[DATA]
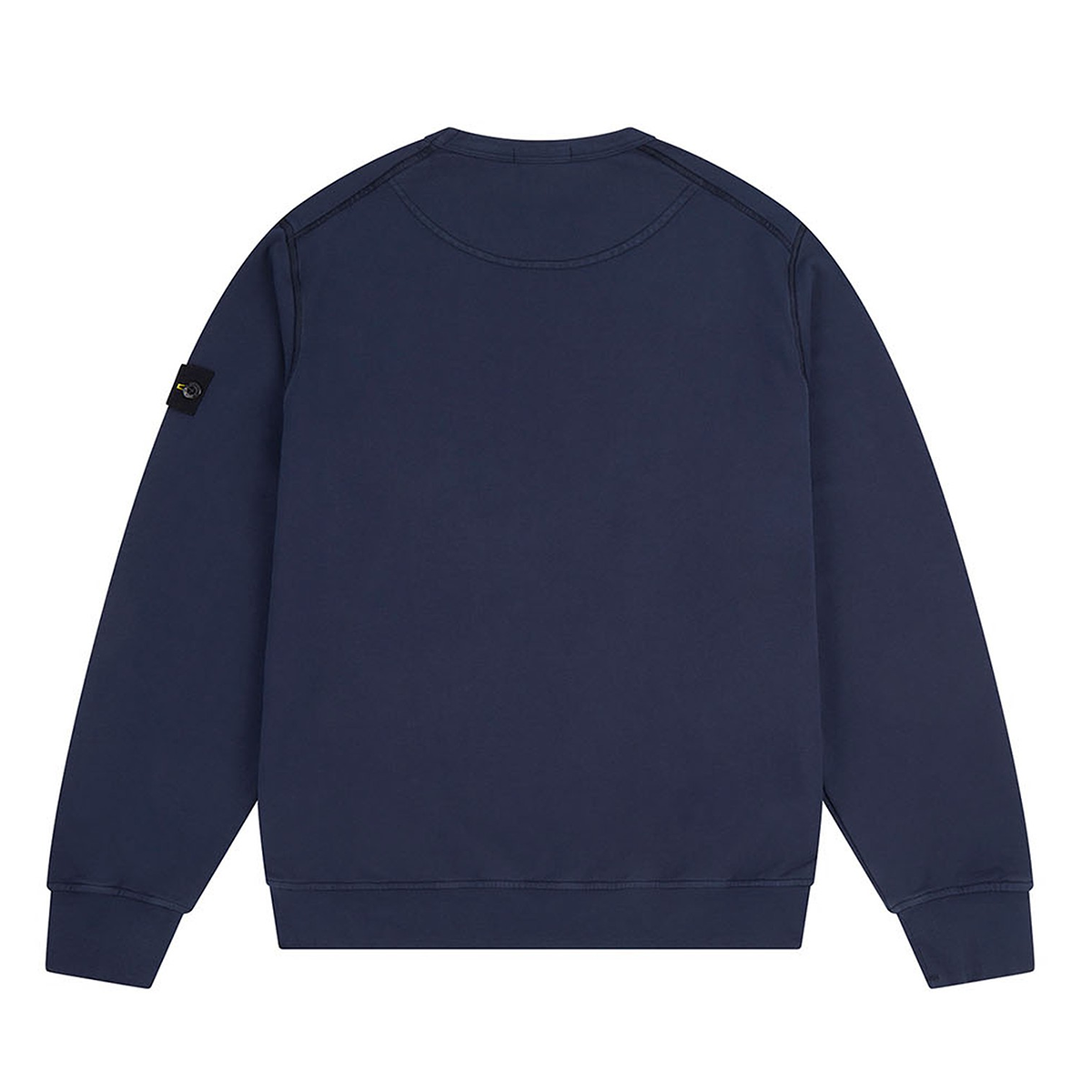 STONE ISLAND JUNIOR COTTON SWEATER IN NAVY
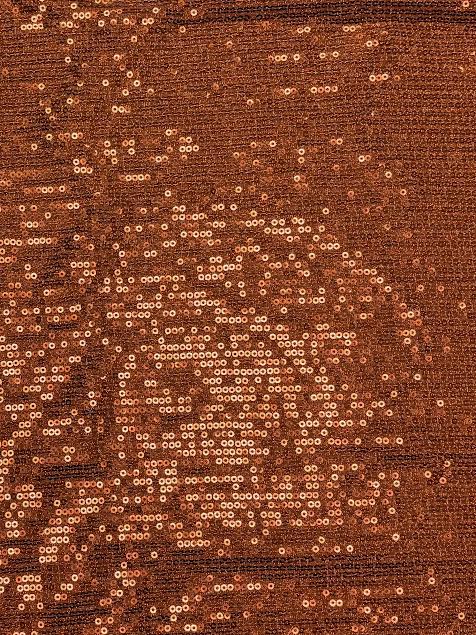 Rust Sequin Stretch | Knit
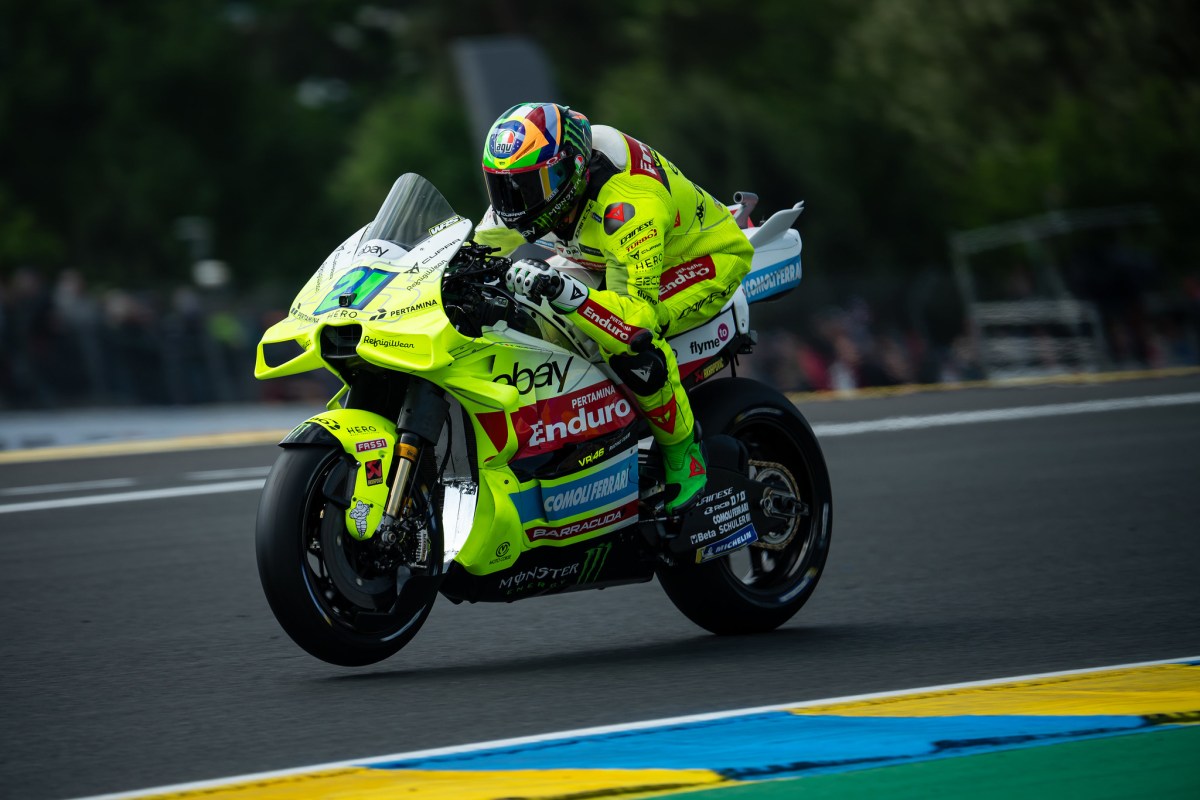 Morbidelli declara amor pela VR46 e celebra: “Fantástico anunciar algo tão especial”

[EXERCISE GOAL] Would you transcribe all of the data exactly, apart from its pictures?

[SOLUTION]
 STONE ISLAND JUNIOR COTTON SWEATER IN NAVY
 Rust Sequin Stretch | Knit
 Morbidelli declara amor pela VR46 e celebra: “Fantástico anunciar algo tão especial”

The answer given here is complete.